I am new to the plm package, but I need to do a system gmm on a dataset for my bachelor thesis in economics. I am trying to regress the GDP on the amount of railways stations built. This includes of course a lagged GDP variable and other controls, such as the human capital etc.
I use the pgmm function in the plm-package, however, I always get the following error message:
Error in solve.default(crossprod(WX, t.CP.WX.A1)) :
Lapack routine dgesv: system is exactly singular: U[1,1] = 0
I understand that this can occur if there is a high correlation between some variables, but I am quite sure that this is not the case.

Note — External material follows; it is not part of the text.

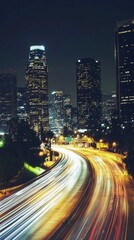 Obraz premium A stunning urban nighttime scene showcasing tall skyscrapers and light trails from moving vehicles, capturing the dynamic essence of city life.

This is the code I tried and a sample from the panel data:
gmm_estimator <- pgmm(log(GDP) ~ lag(log(GDP), 1:2) + lag(Stations, 0:1) + lag(Humancapital, 0:2)
| lag(log(GDP), 2:5),
data = Bachelor_DF,
effect = "twoways",
model="twosteps")
id year GDP Stations Humancapital
GDP_1860 101 1870 370.5480 5 NA
GDP_1870 101 1880 430.2257 0 0.40458015
GDP_1880 101 1890 512.6674 0 0.31274131
GDP_1900 101 1900 657.8438 0 0.36095965
GDP_1910 101 1910 887.6366 0 0.48163265
GDP_1860.1 102 1870 383.6571 3 NA
GDP_1870.1 102 1880 431.9505 2 0.53590734
GDP_1880.1 102 1890 479.9470 0 0.30722892
GDP_1900.1 102 1900 659.2220 2 0.42857143
GDP_1910.1 102 1910 743.7952 0 0.49295775
GDP_1860.2 103 1870 327.8067 1 NA
GDP_1870.2 103 1880 411.4266 5 0.34935065
GDP_1880.2 103 1890 491.3625 0 0.23244552
GDP_1900.2 103 1900 727.0378 3 0.42086835
GDP_1910.2 103 1910 879.2722 1 0.44058745
GDP_1860.3 104 1870 364.6654 3 NA
GDP_1870.3 104 1880 456.8578 4 0.40669241
GDP_1880.3 104 1890 535.1647 0 0.23443223
GDP_1900.3 104 1900 767.6347 2 0.25925926
GDP_1910.3 104 1910 918.7938 0 0.41682975
GDP_1860.4 105 1870 358.7054 1 NA
GDP_1870.4 105 1880 461.3142 6 0.31396588
GDP_1880.4 105 1890 551.4780 2 0.28403361
GDP_1900.4 105 1900 764.8562 0 0.33770492
GDP_1910.4 105 1910 1081.6443 3 0.45477599
GDP_1860.5 106 1870 433.6760 0 NA
GDP_1870.5 106 1880 500.1974 3 0.40723982
GDP_1880.5 106 1890 582.9612 0 0.32718894
GDP_1900.5 106 1900 827.3129 2 0.38211788
GDP_1910.5 106 1910 1132.2033 0 0.51446945
GDP_1860.6 107 1870 439.5436 0 NA
GDP_1870.6 107 1880 520.0694 0 0.53041695
GDP_1880.6 107 1890 581.3917 0 0.37232143
GDP_1900.6 107 1900 767.7895 5 0.45877551
GDP_1910.6 107 1910 929.2661 0 0.57142857
GDP_1860.7 108 1870 391.5621 0 NA
GDP_1870.7 108 1880 446.5804 7 0.37020906
GDP_1880.7 108 1890 572.8922 0 0.29817833
GDP_1900.7 108 1900 771.3239 0 0.42473634
GDP_1910.7 108 1910 1065.9663 0 0.46185065
GDP_1860.8 109 1870 390.2888 3 NA
GDP_1870.8 109 1880 461.9698 0 0.44285714
GDP_1880.8 109 1890 567.3165 0 0.33956044
GDP_1900.8 109 1900 782.6338 0 0.39285714
GDP_1910.8 109 1910 944.6441 0 0.52597403
GDP_1860.9 110 1870 394.4520 3 NA
GDP_1870.9 110 1880 454.7100 8 0.51518560
GDP_1880.9 110 1890 638.3998 0 0.38557994
GDP_1900.9 110 1900 874.0908 0 0.42964286
GDP_1910.9 110 1910 1209.1216 4 0.54148282
I also experimented with using different lags as the instrument variable (unfortunately, I only have 5 different time periods for the GDP, so the time frame is quite limited in itself...).
Furthermore, I tried to change the effect to "individual", but the error persists.